We spend enormous cycles estimating feature importance, identifying concepts via SAEs, and isolating circuits. This is a reification fallacy. We frame our research as “estimating” these values, treating them as latent physical constants awaiting discovery.
This is problematic for two reasons. First, the quantities are ill-defined. Despite thousands of papers on concept-based methods, “concept” lacks a formal definition. Similarly, “feature importance” has no single ground-truth definition. We are estimating undefined variables. Second, extraction is brittle. Attribution methods depend heavily on specific perturbation baselines (gradient-based, perturbation-based, masking-based); SAE concepts fluctuate wildly based on architecture, sparsity penalties, and seeds. These quantities are not intrinsic to the model; they are artifacts of the external information we inject to find them.
This reliance on imaginary quantities is not inherently fatal: physics routinely relies on unobservables like gravity or potential energy. However, these constructs are scientifically valid solely because they serve a function: predicting real, measurable phenomena. Their “reality” is derived entirely from their predictive utility.
Interpretability fails to build this bridge. Identifying a “circuit” is frequently treated as the terminal goal rather than an intermediate step toward solving real problems. When real-world validation does occur, it is often tenuous or restricted to toy settings (e.g., faithfulness on unrealistic perturbations, or weak intervention performance). If an abstraction is technically valid but effectively useless for predicting real-world model behavior, it is scientifically null.
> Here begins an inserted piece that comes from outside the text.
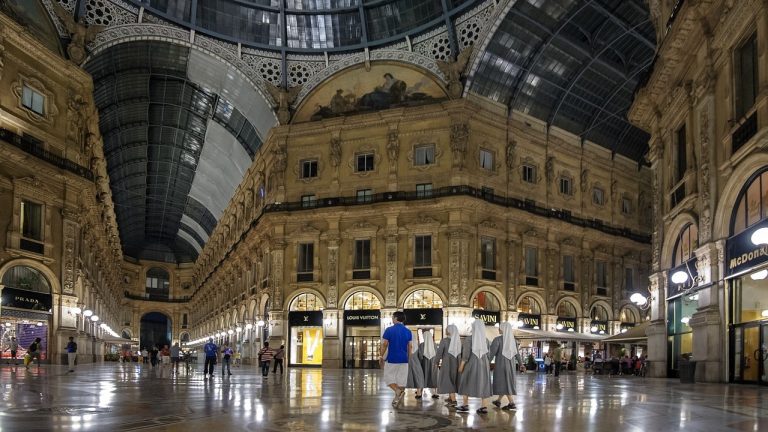 All’asta un nuovo negozio nella Galleria di Milano: si parte da 3milioni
If interpretability methods cannot yield concrete predictions about real-world neural network phenomena, we are not studying the model; we are reading tea leaves. If we cannot faithfully validate these abstractions after years of research, we must consider the possibility that the abstractions themselves are wrong.


great post!
I agree with:
> If interpretability methods cannot yield concrete predictions about real-world neural network phenomena, we are not studying the model; we are reading tea leaves
But I just think the antecedent doesn't satisfy. We often validate interpretability insights into prediction of NN behavior, and especially behavior when altering internal representations of the NN in some way.
I'm quite fond of my work https://arxiv.org/abs/2506.10138, which predicts actions of a reinforcement learner 50 steps in advance by looking at particular parts of the latent state. (See fig. 4.)
Circuits and concepts are a hypothesis and treated as such.